Rich-poor gap prompts bishops to call for anti-poverty strategy

08 November 2010

Appears in: Archdiocesan News

Canada’s bishops are calling for the federal government to develop a national anti-poverty strategy.

“We invite Canadians today to join us in calling on our federal government to emulate the efforts of many provincial governments and develop a national anti-poverty strategy,” the bishops said in an Oct. 15 letter to Prime Minister Stephen Harper.

“Today, most new wealth is going to those who already have more than enough. Inequality is increasing in Canada. The growing rich-poor gap is threatening the economic and political power of our middle class and our treasured participatory democracy.”

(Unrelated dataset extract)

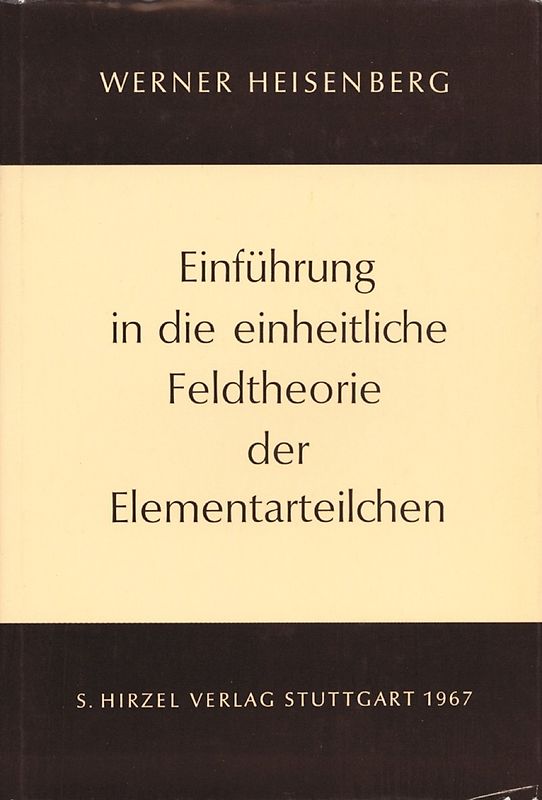 Einführung in die einheitliche Feldtheorie der Elementarteilchen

The bishops have signed onto the Dignity for All campaign (www.dignityforall.ca, and don’t accept a minimal role for the federal government, said Archbishop Brendan O’Brien of Kingston, chair of the bishops’ Commission on Justice and Peace.

“These issues are common across the country,” he said. “If we had a national focus on these things we would get a little bit further. The government could do a lot by just acknowledging these issues.”

The letter came despite the fact that just two weeks earlier the government had dismissed the same request from the Senate Standing Committee on Social Affairs, Science and Technology.

The bishops are right to keep pounding on the government’s door, said Brice Balmer, director of the Interfaith Social Assistance Reform Coalition.

“We have to be like the widow (Luke 18.1-8),” he said. “We have to ask, we have to ask and we have to ask.”

With the Dignity for All campaign and various other groups insisting that poverty is an issue, it has to rise to the national agenda soon, said Balmer.

“The evidence is amassing. At some point governments are going to have to make this a priority.”

Starting their letter to Harper with references to both the Old and New Testaments, and ending with the recent papal encyclical, Caritas in Veritate, the bishops want Catholics to understand poverty is an issue for all Christians.

“This is an integral part of the Christian vocation. We need to insist on that,” said O’Brien.

With more than three million Canadians living in poverty, most of them children, inequality has become a challenge to the political, social and moral health of the nation, said O’Brien.

“There is a gap, a widening gap, and we need to pay attention to that,” he said. “How can we have a more equitable society? Or are we just going to accept this?

“You would like to see something beyond just the political posturing on these things.”